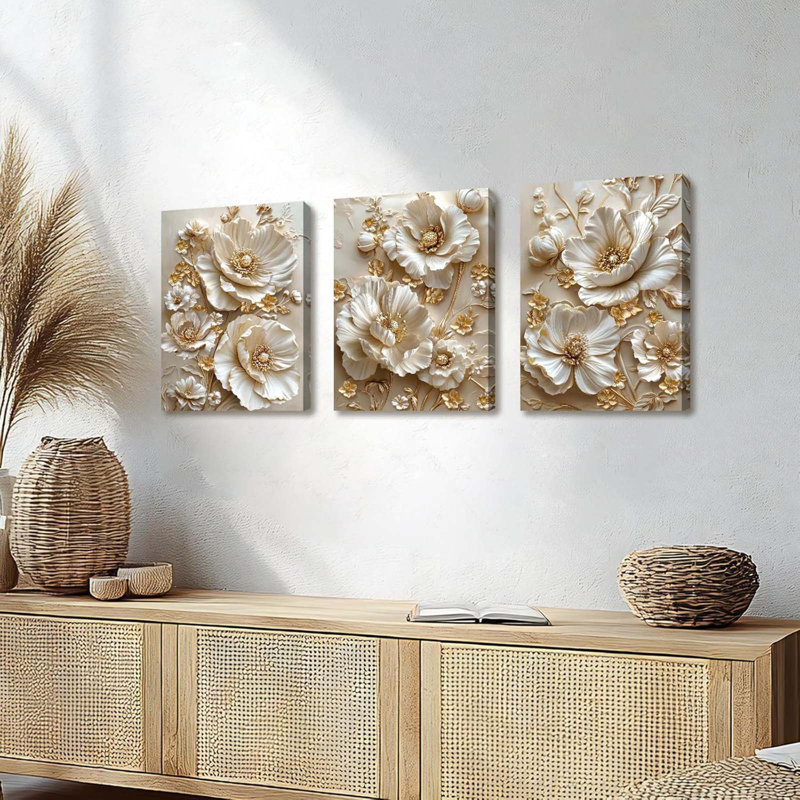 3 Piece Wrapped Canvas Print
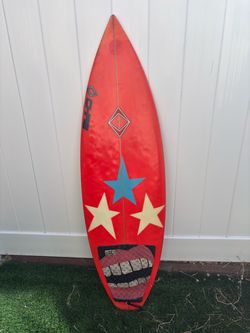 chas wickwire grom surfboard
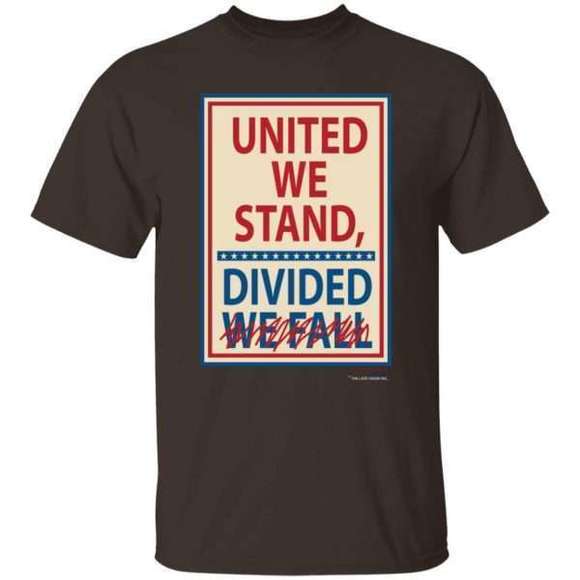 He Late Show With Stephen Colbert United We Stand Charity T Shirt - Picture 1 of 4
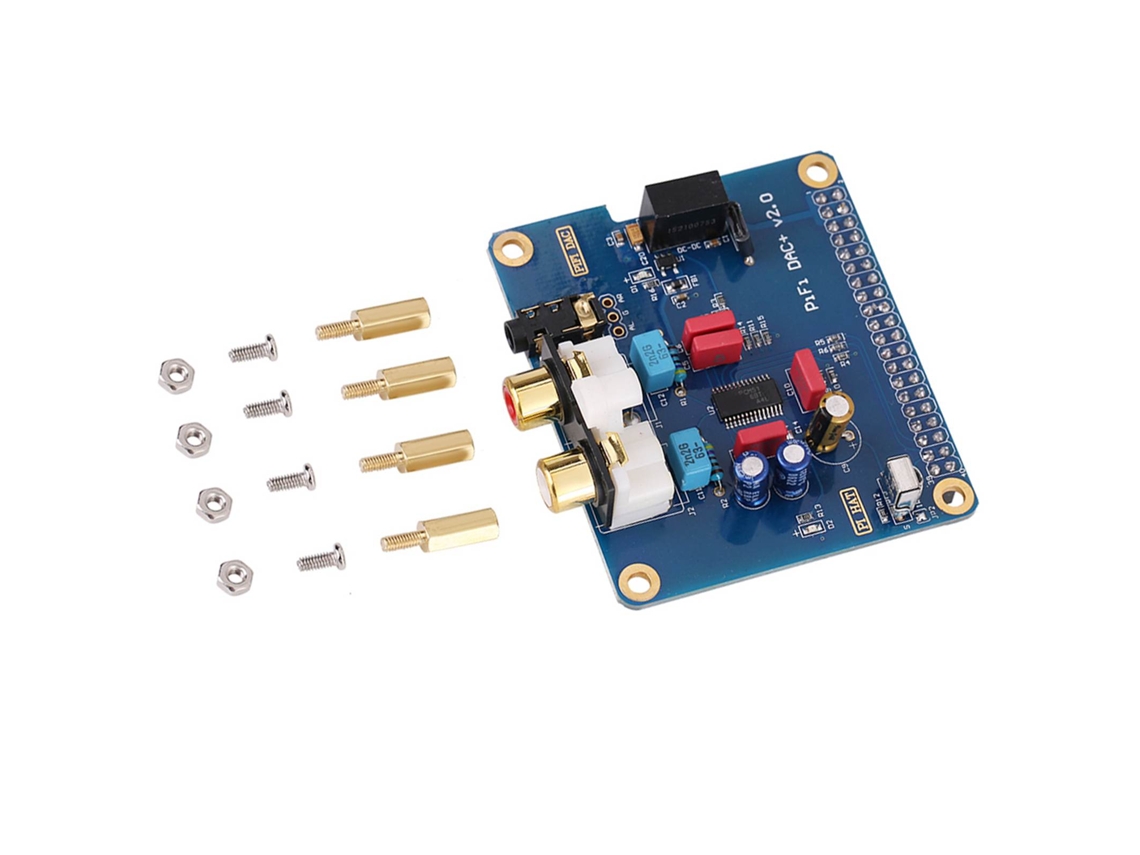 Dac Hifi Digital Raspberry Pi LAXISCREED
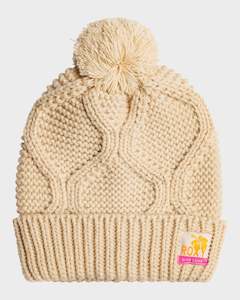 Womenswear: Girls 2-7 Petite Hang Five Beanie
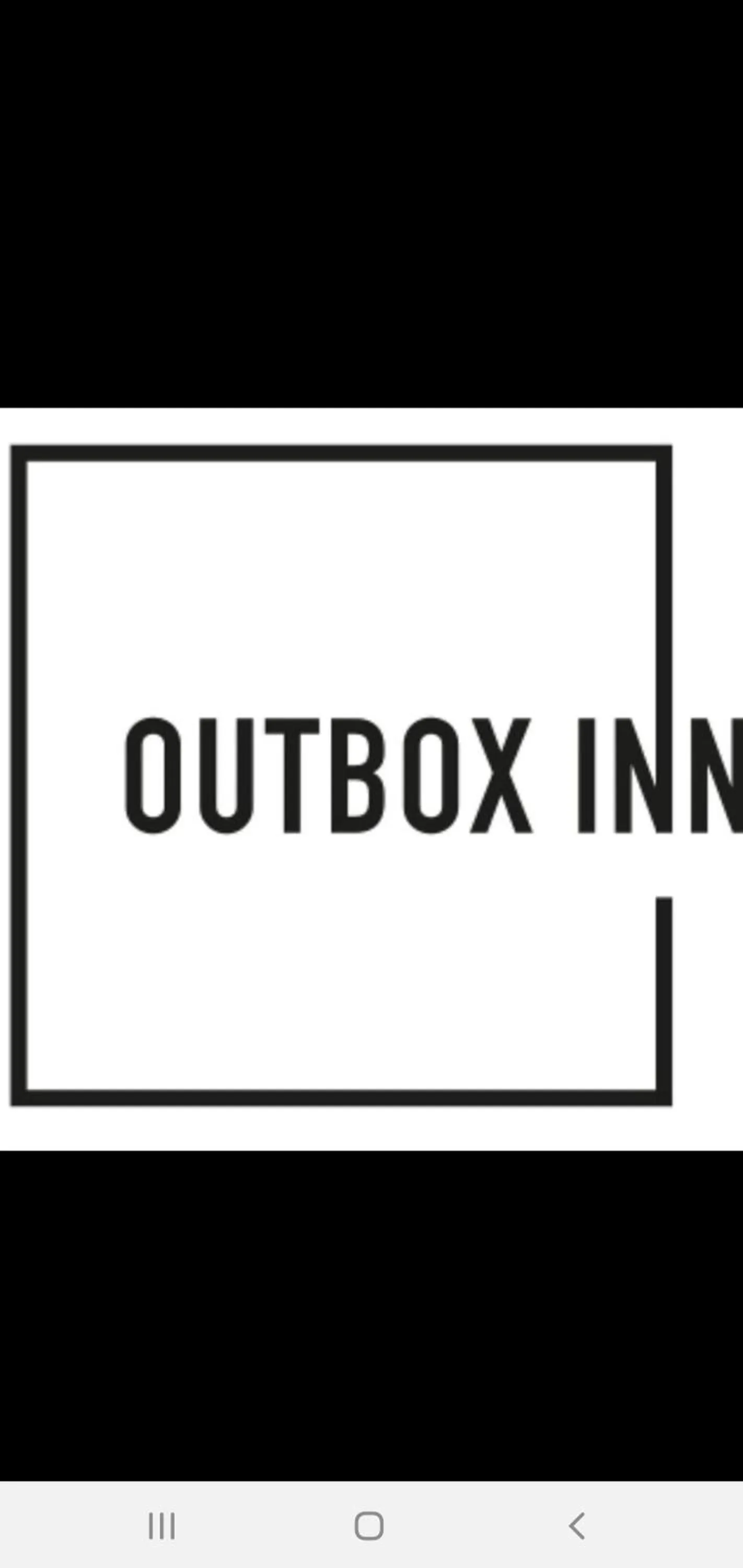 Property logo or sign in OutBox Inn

- - -

Task details
Starting at the line with "Womenswear: Girls 2-7", output each line through the final one of the listing above, and nothing else. Pictures are to be left out.

Task answer
 Womenswear: Girls 2-7 Petite Hang Five Beanie
 Property logo or sign in OutBox Inn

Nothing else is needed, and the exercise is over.